Short descriptive text snippets:

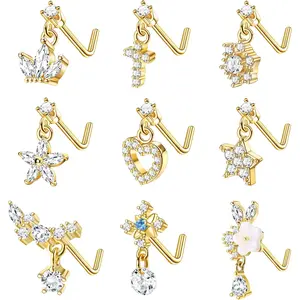 Trendy Summer 9 PCS Dangle Nose Rings - L Shaped for Women, 20G Stainless Steel Nose Rings Studs with CZ Cross, Crown, Flower, Heart Dangling Piercing Jewelry
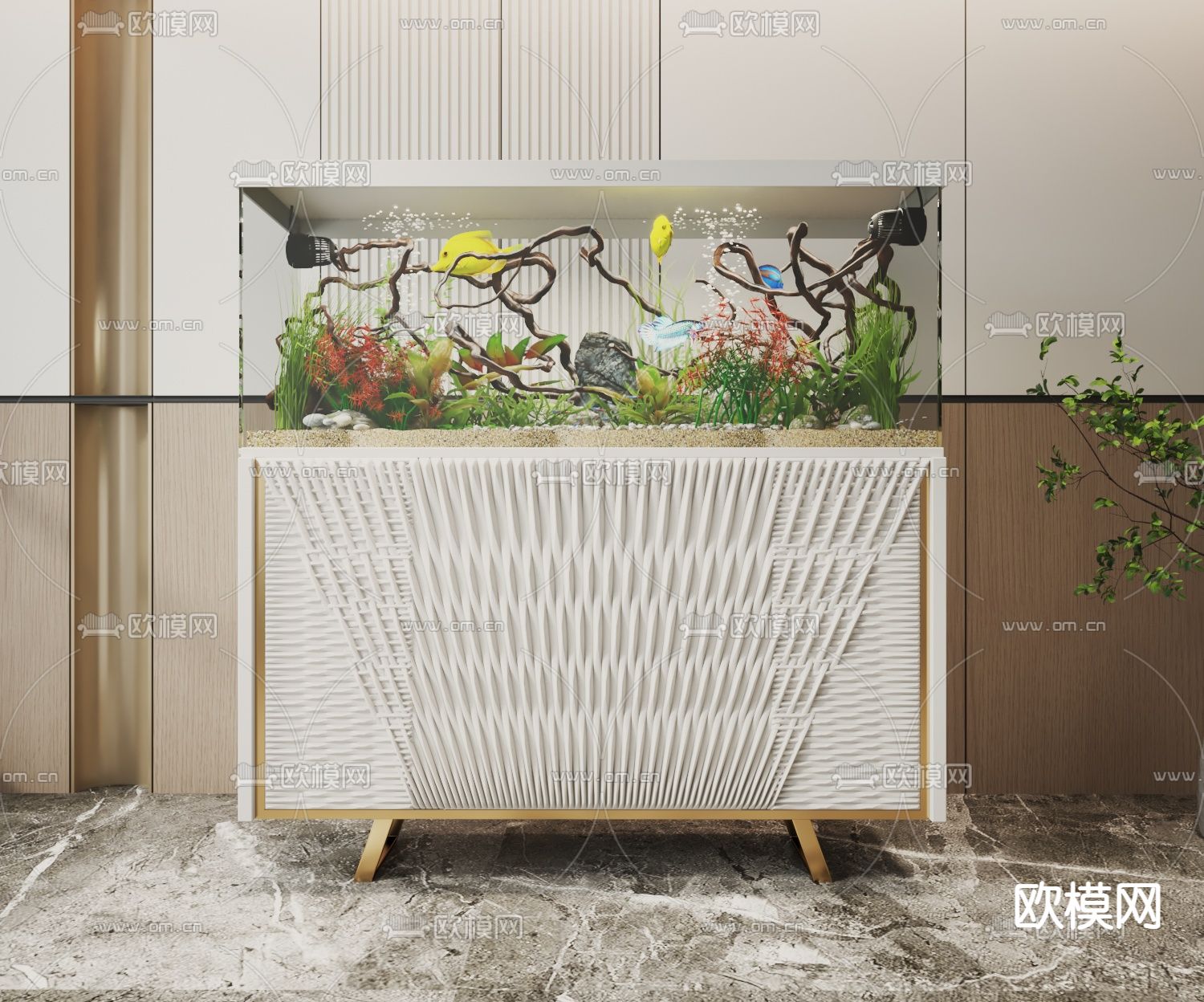 鱼缸 水族箱3d模型下载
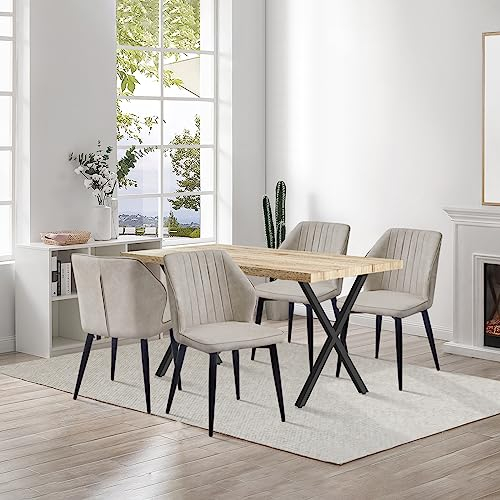 CLIPOP Esszimmergruppe Esstisch mit 4 Stühlen, Küchentisch und Gepolsterter Esszimmerstühle mit Armlehne für Restaurant Esszimmer Küche (Kunstleder Beige Stuhl, Hell Tisch 140 X 80 X 75 cm)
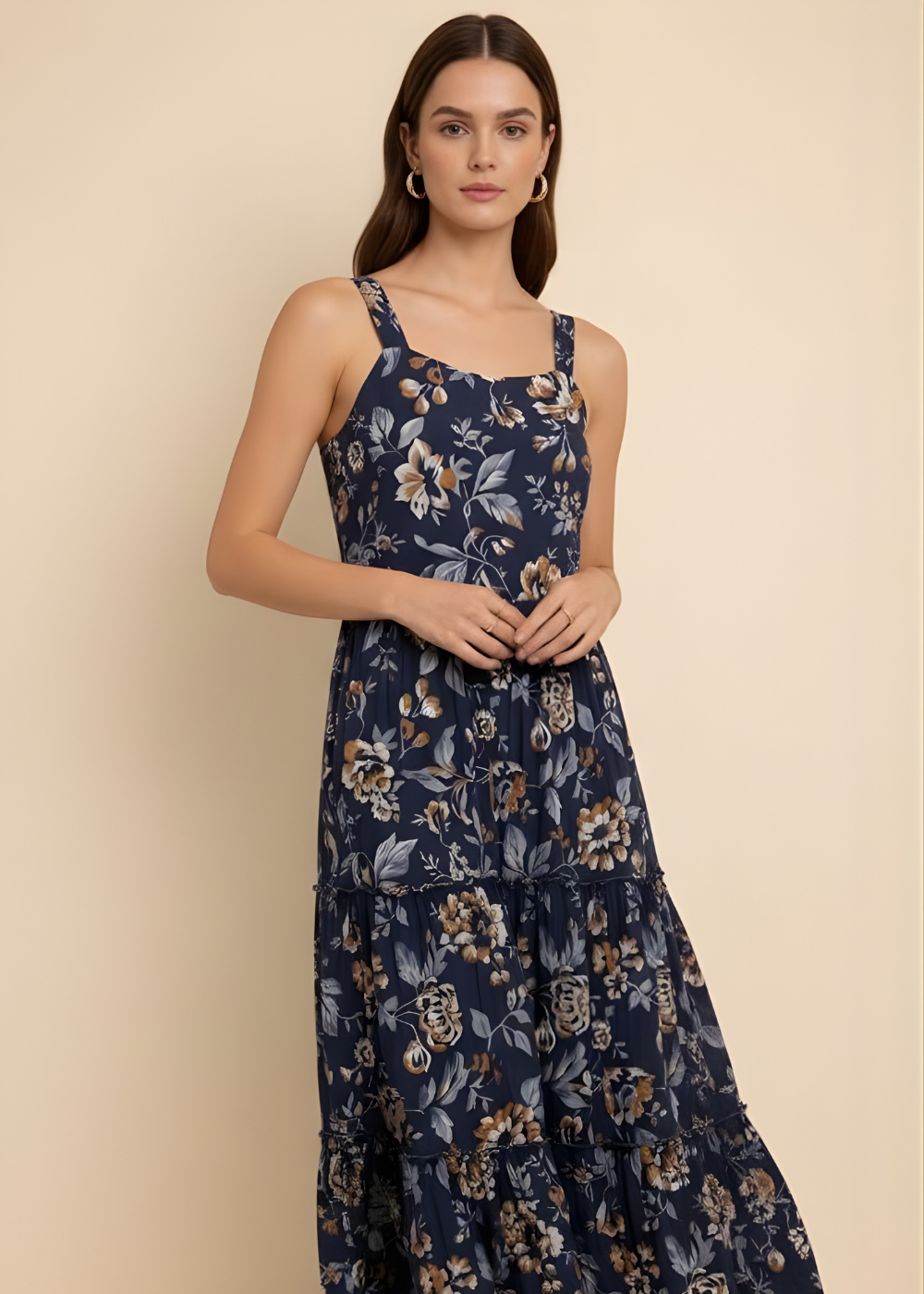 Square-Neck Tiered Floral Dress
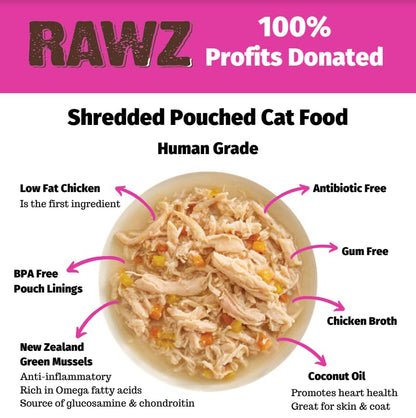 Rawz® Shredded Chicken Breast & Coconut Recipe 8/2.46 oz Pouches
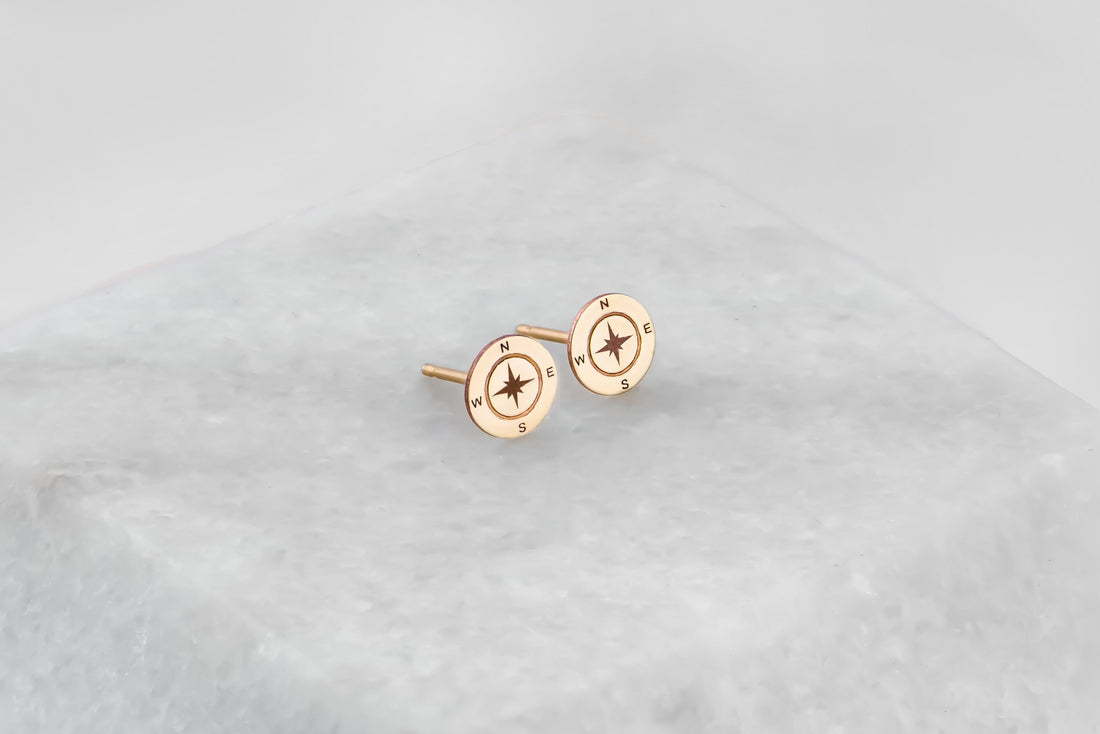 Compass Stud Earrings
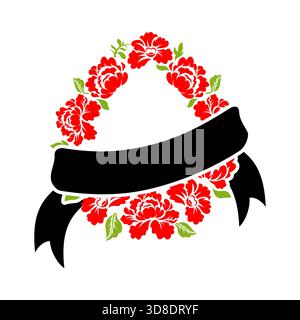 Densely packed red rose floral wreath with a black ribbon banner. Detailed vector icon symbolizing mourning, deep tribute, or a solemn memorial servic Stock Vector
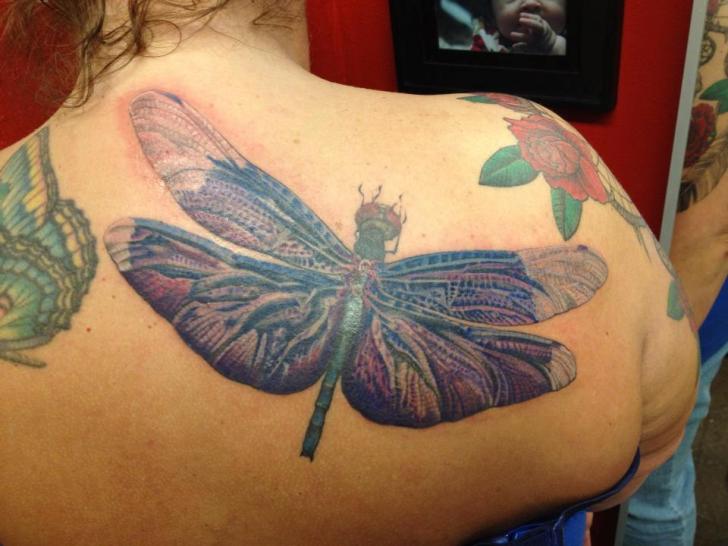Realistic Back Dragonfly Tattoo by Hidden Hand Tattoo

§ **Task directions**
Set down the entries above exactly; no pictures belong in the copy.

§ **Task answer**
 Trendy Summer 9 PCS Dangle Nose Rings - L Shaped for Women, 20G Stainless Steel Nose Rings Studs with CZ Cross, Crown, Flower, Heart Dangling Piercing Jewelry
 鱼缸 水族箱3d模型下载
 CLIPOP Esszimmergruppe Esstisch mit 4 Stühlen, Küchentisch und Gepolsterter Esszimmerstühle mit Armlehne für Restaurant Esszimmer Küche (Kunstleder Beige Stuhl, Hell Tisch 140 X 80 X 75 cm)
 Square-Neck Tiered Floral Dress
 Rawz® Shredded Chicken Breast & Coconut Recipe 8/2.46 oz Pouches
 Compass Stud Earrings
 Densely packed red rose floral wreath with a black ribbon banner. Detailed vector icon symbolizing mourning, deep tribute, or a solemn memorial servic Stock Vector
Realistic Back Dragonfly Tattoo by Hidden Hand Tattoo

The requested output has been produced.